La contre-initiation est le sujet le plus brûlant de l’œuvre de René Guénon. Dans l’un de ses derniers livres, Le Règne de la quantité et les Signes des temps, publié en 1945, cet auteur décrit les deux phases successives de la Modernité, analogue aux deux phases de la manifestation : à la pravttî-mârga correspond la phase de solidification, qui va du rationalisme au matérialisme ; et à la nivrttî-mârga correspond la phase de dissolution, qui comprend toutes les formes de « spiritualité à rebours », et, plus particulièrement, la psychanalyse, le théosophisme et le spiritisme.
Et, à travers le récit de l’échec de l’agent Cooper, Twin Peaks narre l’échec du New Age comme instauration d’un nouveau régime spirituel capable de s’imposer face au « capitalisme comme religion ». Par le caractère syncrétique de sa foi (mélange de bouddhisme, de synchronicité jungienne et de confiance dans son intuition), Dale Cooper est le New Age même, et le monde de la Loge Noire devient la mise en scène rigoureuse de son rapport à la spiritualité.
L’objectif secret de Twin Peaks est de repérer la continuité du théosophisme dans la culture contemporaine. Redécouvert à la lumière de Twin Peaks, le système mystique de Mme Blavatsky est l’impensé sur lequel se structure toute la mythologie de notre temps, sa Voie de la Main Droite : le New Age.
[…] Twin Peaks déploie une authentique Voie de la Main Gauche, et se présente avec la radicalité du geste exigé par Krishna à Arjuna pour s’arracher aux déterminations et atteindre la délivrance. Et cette voie passe par la présentation d’une Geste à dimension initiatique renversée. C’est la Geste, triste à mourir, d’un homme bon mais guidé par des signes équivoques dans un chemin de perdition, et finalement abandonné aux forces mauvaises : Dale Cooper.

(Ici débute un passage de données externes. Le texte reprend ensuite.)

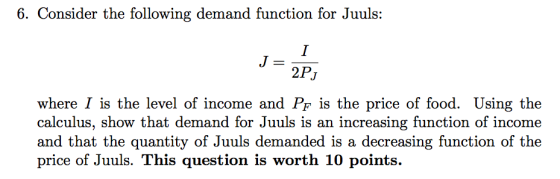 6. Consider the following demand function for Juuls: 2Pj where I is the level of income and Pf is the price of food. Using the calculus, show that demand for Juuls is an increasing function of income and that the quantity of Juuls demanded is a decreasing function of the price of Juuls. This question is worth 10 points.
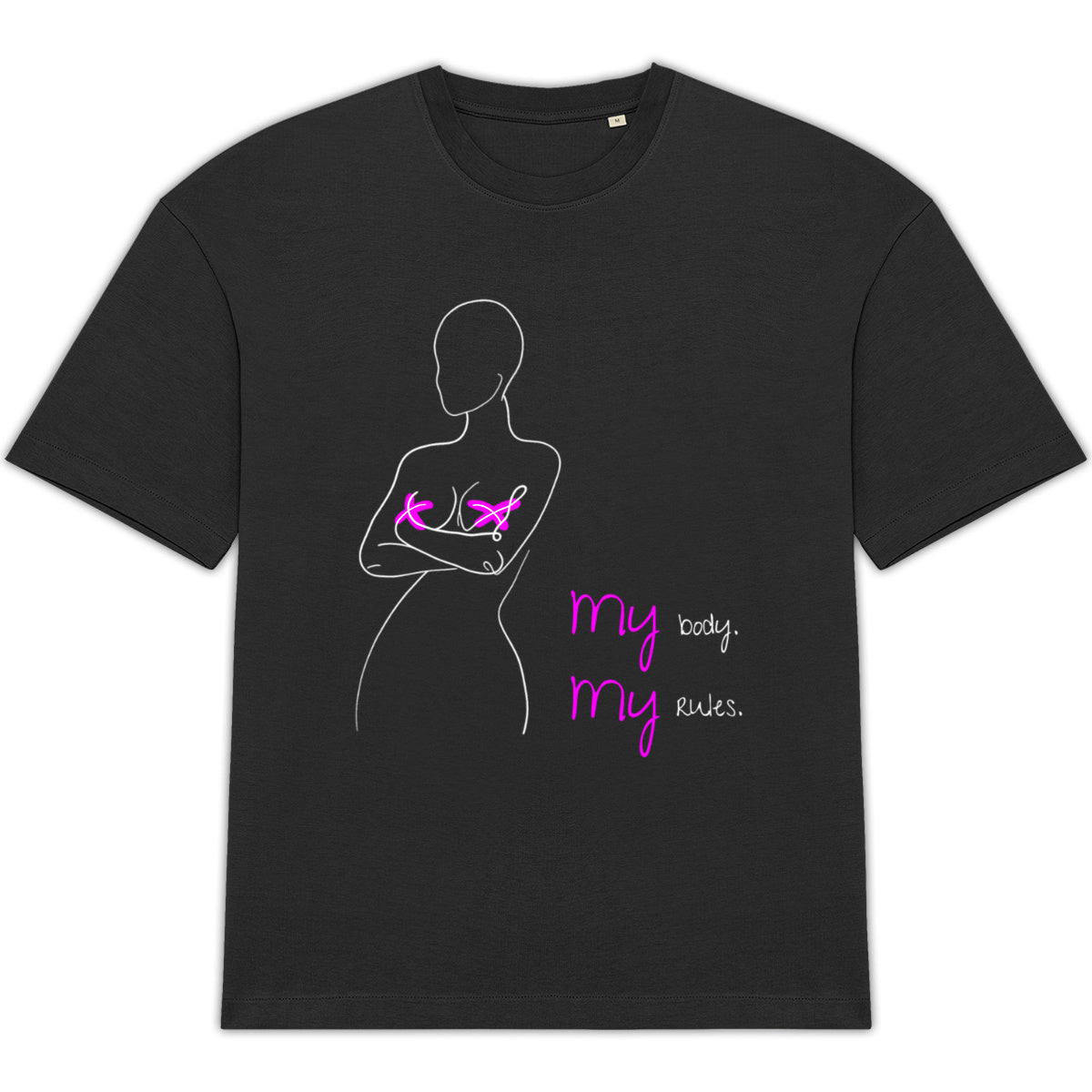 No Shit Shirts - Oversize Shirt (Frontprint Large): My Body, My Rules - Body & Autonomy & Sexism - basic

Si la télévision est le « monde des formes en suspens » du capitalisme, Twin Peaks est l’ésotérique de ce monde, l’ésotérique de la télévision.
Le capitalisme surplombe si parfaitement son époque que les figures les plus influentes de la modernité sont, malgré elles, complices de son triomphe : Nietzsche, dans la création du Surhomme (« premier homme qui commence à réaliser la religion capitaliste de manière consciente » [Walter Benjamin, Le capitalisme comme religion]), parce qu’il remplace la conversion et l’expiation par une intensification continue ; Freud, pour l’invention du refoulé : « capital sur lequel l’enfer de l’inconscient paie ses intérêts » ; enfin Marx, chez qui le capitalisme qui ne se convertit pas devient le socialisme « par l’intérêt et l’intérêt composé qui sont fonction de la faute ».
Dans l’islam chiite, la pratique du ta’wil est l’interprétation du sens ésotérique (bâtin) des Révélations divines. Elle ne peut être séparée de la shar’iat (loi) dont elle est à la fois le versant mystique et l’intégration personnelle. Celui qui pratique le ta’wil détourne l’énoncé de son apparence extérieure (zâhir) pour le faire retourner à sa vérité intérieure (la haqîqat). C’est un ésotérique qui s’accomplit du vivant de chaque homme, pour solidifier la réalité du « monde des formes en suspens », le lieu même où s’accomplira notre résurrection « en image ».
Twin Peaks n’est pas une œuvre d’art au sens classique du terme. Twin Peaks est un mood, c’est-à-dire la formalisation, à la fois souple et claire, non systématique mais récurrente, de la qualité de l’air propre à son identité fictionnelle.